Tomorrow will bring drier conditions to the area, with partly sunny skies in the morning and increasing clouds in the afternoon as the next storm approaches. High temperatures will be in the mid to upper 30s for most of the area, with upper 30s to lower 40s in the immediate NYC area. A northwest turning southwest wind is expected.
Sunday: Light Snow Expected
On Saturday night, cloud cover will increase ahead of a weak disturbance moving from west to east towards the Northeast. The NAM model earlier today continued to suggest that this would be far south enough to bring several inches of snow to the area, though the rest of the models are further north, and the NAM also adjusted north with its latest run once again, bringing 2 to 4 inches of snow from central New York into southwestern Maine.

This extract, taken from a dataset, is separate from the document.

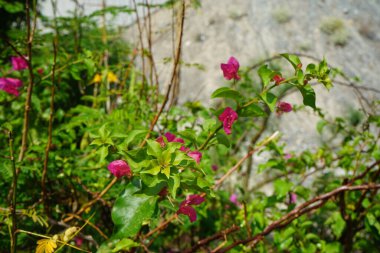 Nisan ayında Al Rafisah Barajı dinlenme alanında Bougainvillea glabra çiçek açar. Bougainvillea glabra, kartonpiyergiller (Bougainvillea) familyasından bir glabra türü. Wadi Wshee, Sharjah, BAE.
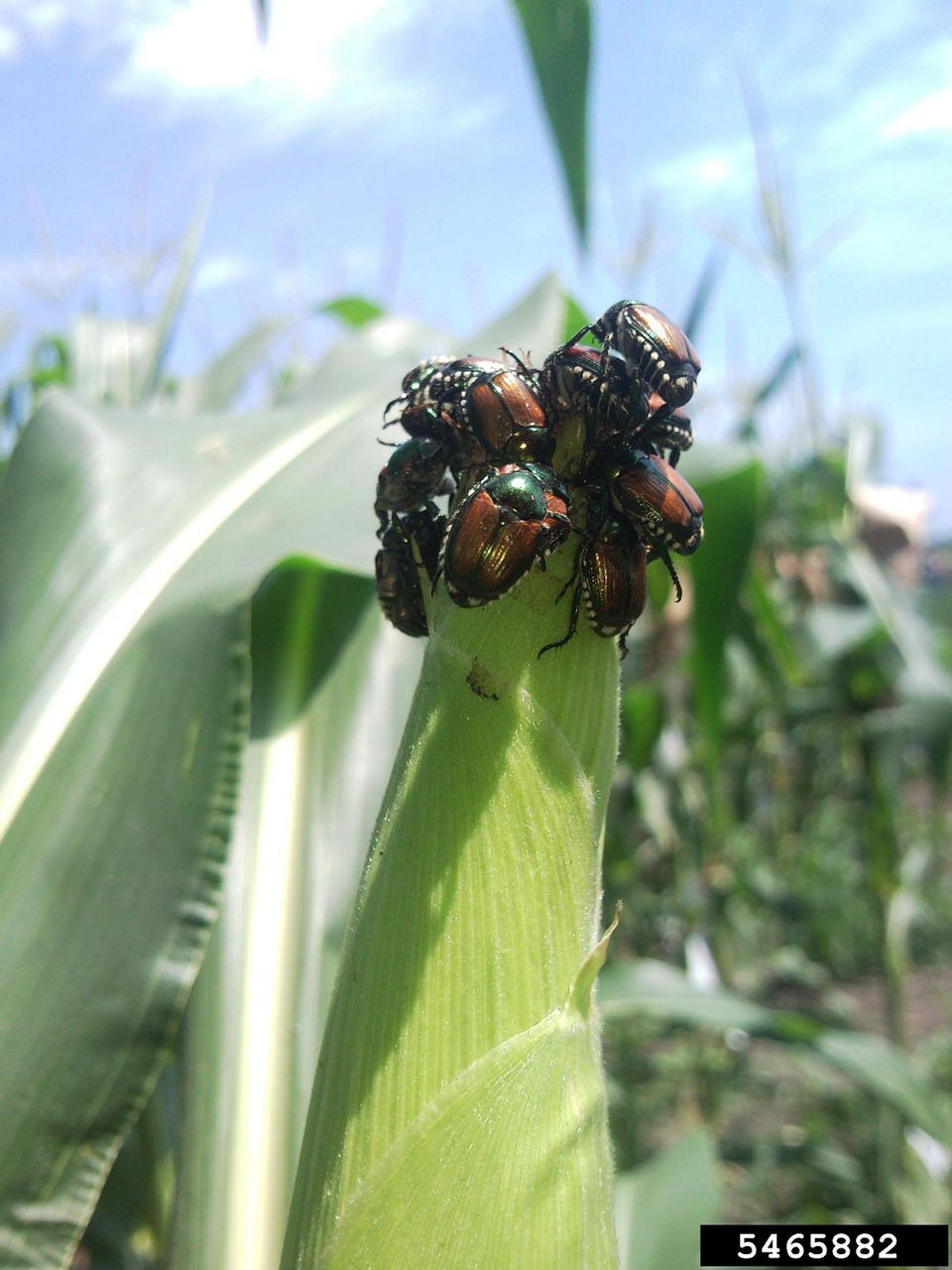 Figure 2. Japanese Beetles feeding on corn silks. Photo courtesy of Daren Mueller, Iowa State University, Bugwood.org.  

Despite most of the precipitation staying to the north of the area, as there will be enough cold, light snow is expected to fall from New York City and further north during Sunday morning, which may accumulate up to 2 inches well north of NYC. The snow will mix with and change over to rain in the southern and eastern parts of the area, including Long Island and New York City, though the northwestern parts of the area may stay with plain snow until the storm ends in the late morning. Behind the storm, some clearing in the cloud cover is expected with high temperatures rising into the lower to upper 40s across the area.
Monday: Storm To Bring Rain, Thunderstorms, Wind
Between Sunday and Monday, the set up will go from one extreme to another, with Sunday bringing light snow to the Northeast and Monday bringing heavy rain, warm temperatures and thunderstorms. There is some uncertainty with the storm’s smaller details, though the overall picture is generally clear.
A storm is expected to develop in the Rockies on Sunday, moving towards the Ohio Valley on Monday. The exact timing is still uncertain, though from there, the storm is expected to move through the western Northeast overnight. The latest NAM run took the low pressure right over the area, though this is still the NAM’s longer range where its accuracy is not as good as its shorter range, and it is subject to changes. The storm will start in the overnight hours on Sunday, and with 850 mb temperatures above freezing and surface temperatures in the lower to mid 30s inland, the storm might start out with some light freezing rain in the interior parts of the area, though any freezing rain will not last long and will change over to rain by the time that the steadier precipitation moves in.
As the warm front moves through, a steady moderate to potentially heavy rain will affect the area from the early morning to the early or late afternoon hours. Temperatures will steadily rise throughout the day, and will peak sometime around the early overnight hours in the lower to mid 50s across most of the area with mid to upper 50s for the immediate NYC area. The exact time when temperatures will peak depends on the storm’s timing, ranging from the evening hours to the middle of the overnight hours. After the first round of rain ends, most models indicate a break in the rain, which may range from the mid afternoon hours to the early overnight hours. The cold front will then move through sometime during the overnight hours, bringing the potential for heavy rain and thunderstorms, which may produce gusty winds.
There is still uncertainty with parts of the storm, especially with the timing and the exact track, though the potential is there for heavy rain out of this storm with totals near or over 1 inch, which may lead to additional flooding in parts of the area, and there is also the potential for more rain, thunderstorms and gusty winds with the cold front in the overnight hours. Stay tuned for more information on this storm and how it may affect the area.
Longer Range: Behind this storm, temperatures will return to more seasonable levels with a stretch of dry conditions expected. These dry conditions will last until about March 5-7, when the next storm is expected. More information will be posted on the longer range as details become clearer.